## Information given
---*---

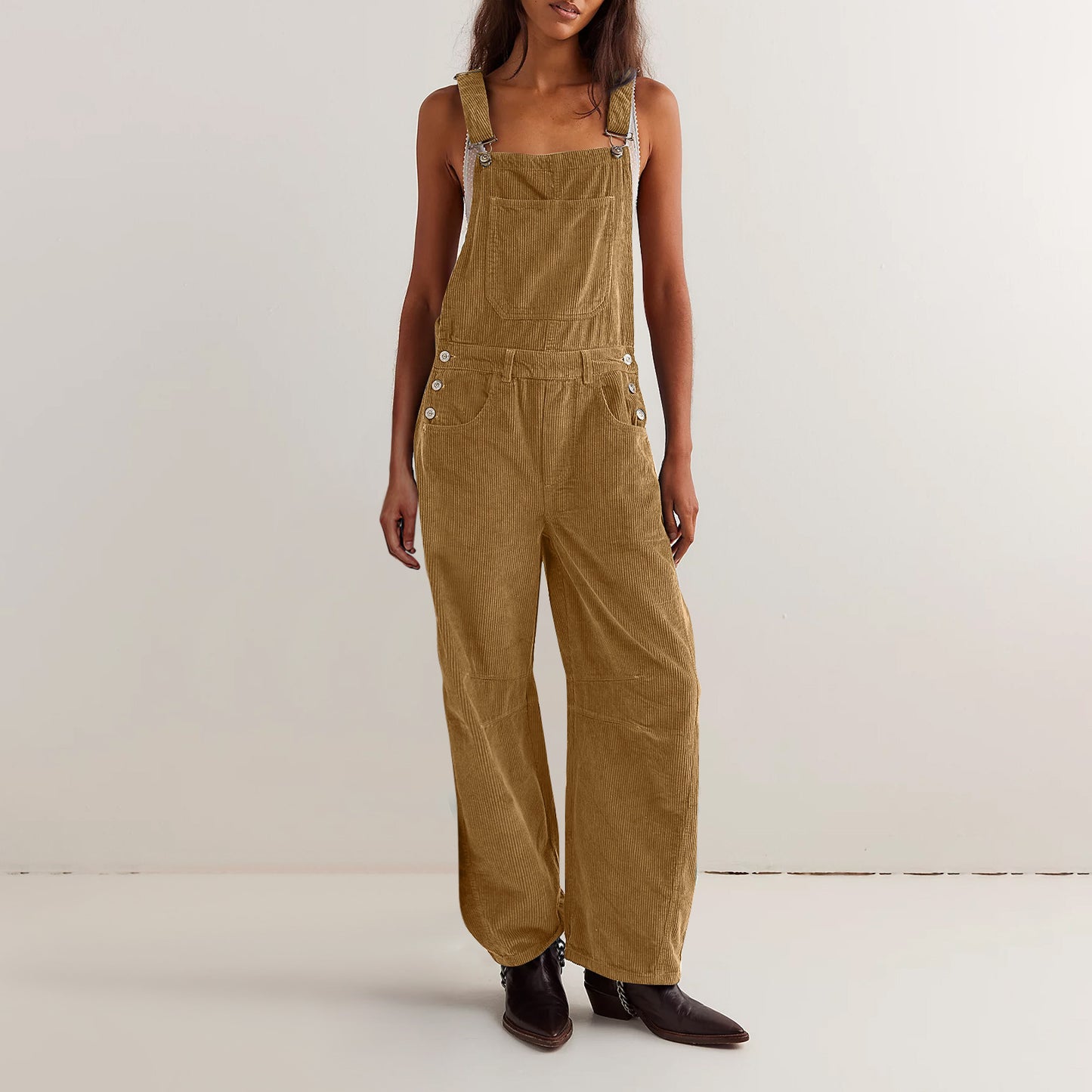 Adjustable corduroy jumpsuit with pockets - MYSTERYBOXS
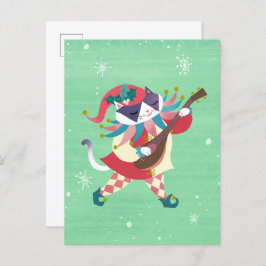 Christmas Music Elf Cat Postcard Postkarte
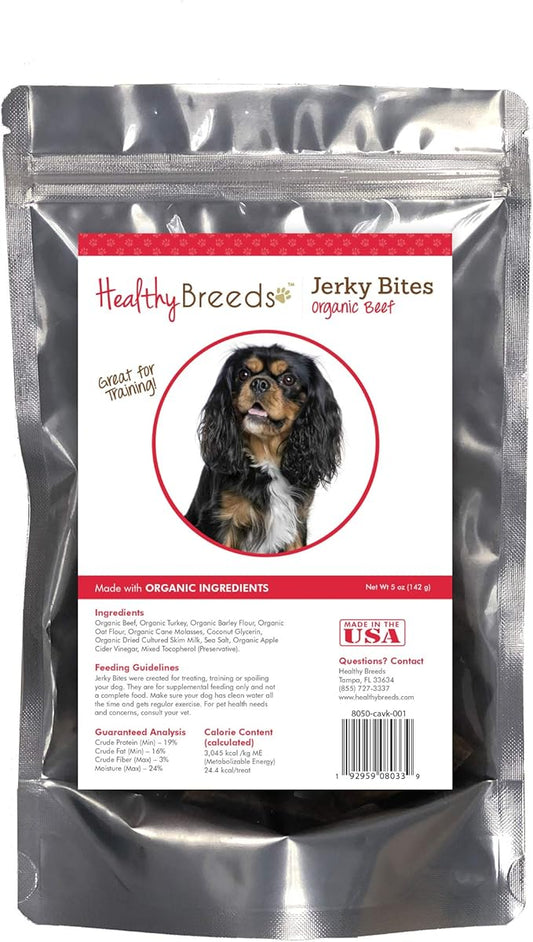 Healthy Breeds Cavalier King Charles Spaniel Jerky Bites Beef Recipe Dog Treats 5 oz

---*---

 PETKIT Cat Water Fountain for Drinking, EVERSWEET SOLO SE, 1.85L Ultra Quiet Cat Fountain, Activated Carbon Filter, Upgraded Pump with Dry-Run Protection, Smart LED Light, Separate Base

---*---

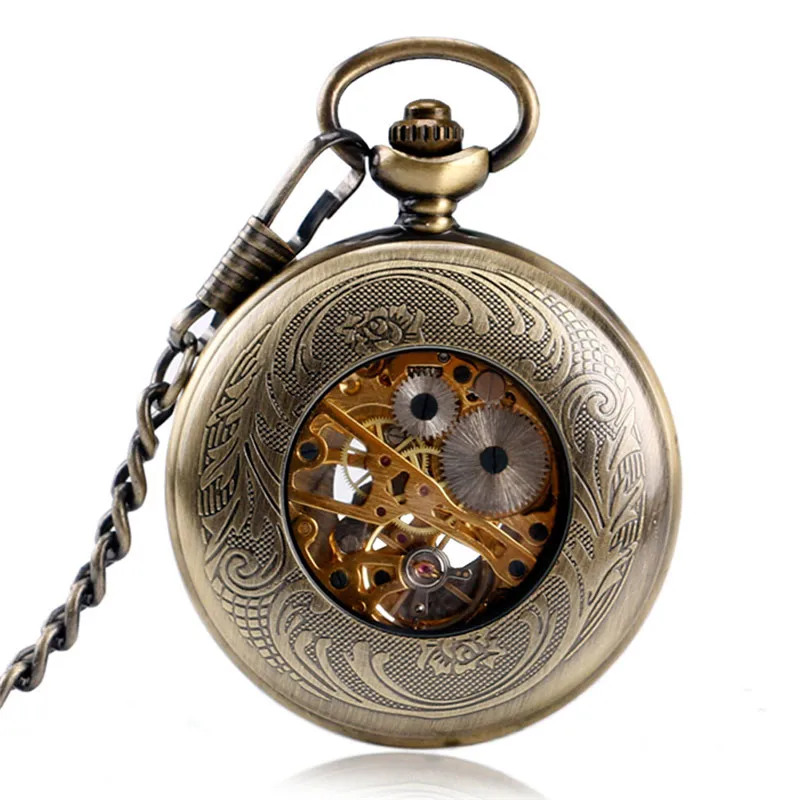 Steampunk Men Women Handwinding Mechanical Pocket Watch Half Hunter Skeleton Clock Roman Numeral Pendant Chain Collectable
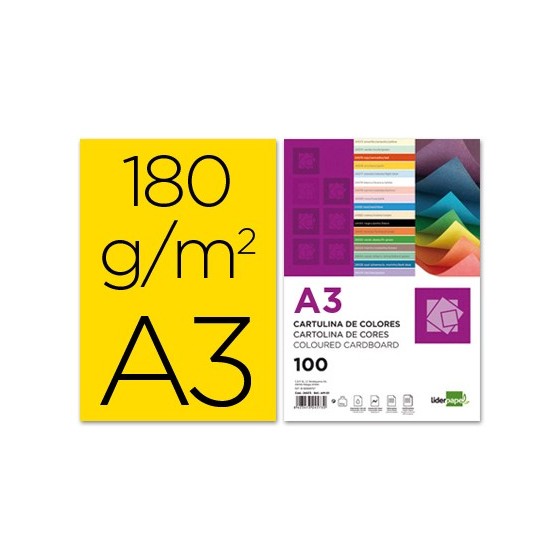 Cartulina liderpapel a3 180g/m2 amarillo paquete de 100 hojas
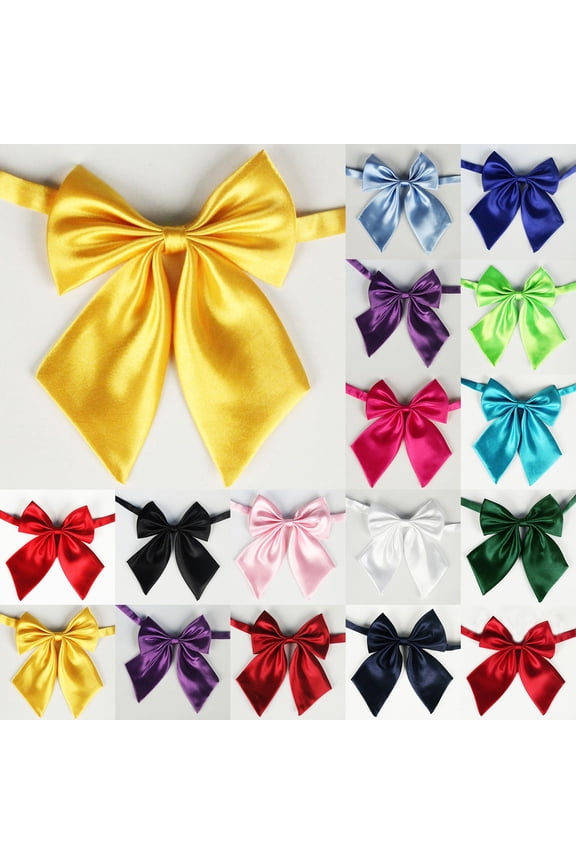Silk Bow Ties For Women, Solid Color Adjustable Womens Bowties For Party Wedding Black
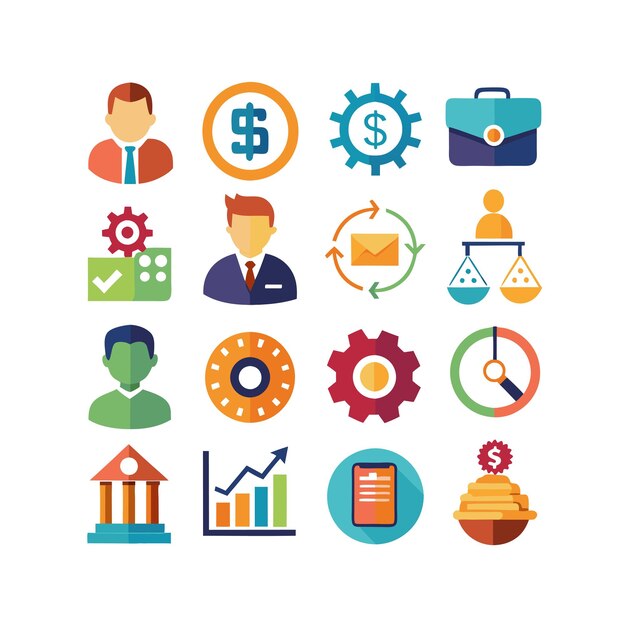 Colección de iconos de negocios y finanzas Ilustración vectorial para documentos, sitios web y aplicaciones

---*---

What do the entries above read from the line containing "Adjustable corduroy jumpsuit" through the line containing "Healthy Breeds Cavalier"? Output those lines exactly, both ends included, with the pictures left out.

 Adjustable corduroy jumpsuit with pockets - MYSTERYBOXS
 Christmas Music Elf Cat Postcard Postkarte
 Healthy Breeds Cavalier King Charles Spaniel Jerky Bites Beef Recipe Dog Treats 5 oz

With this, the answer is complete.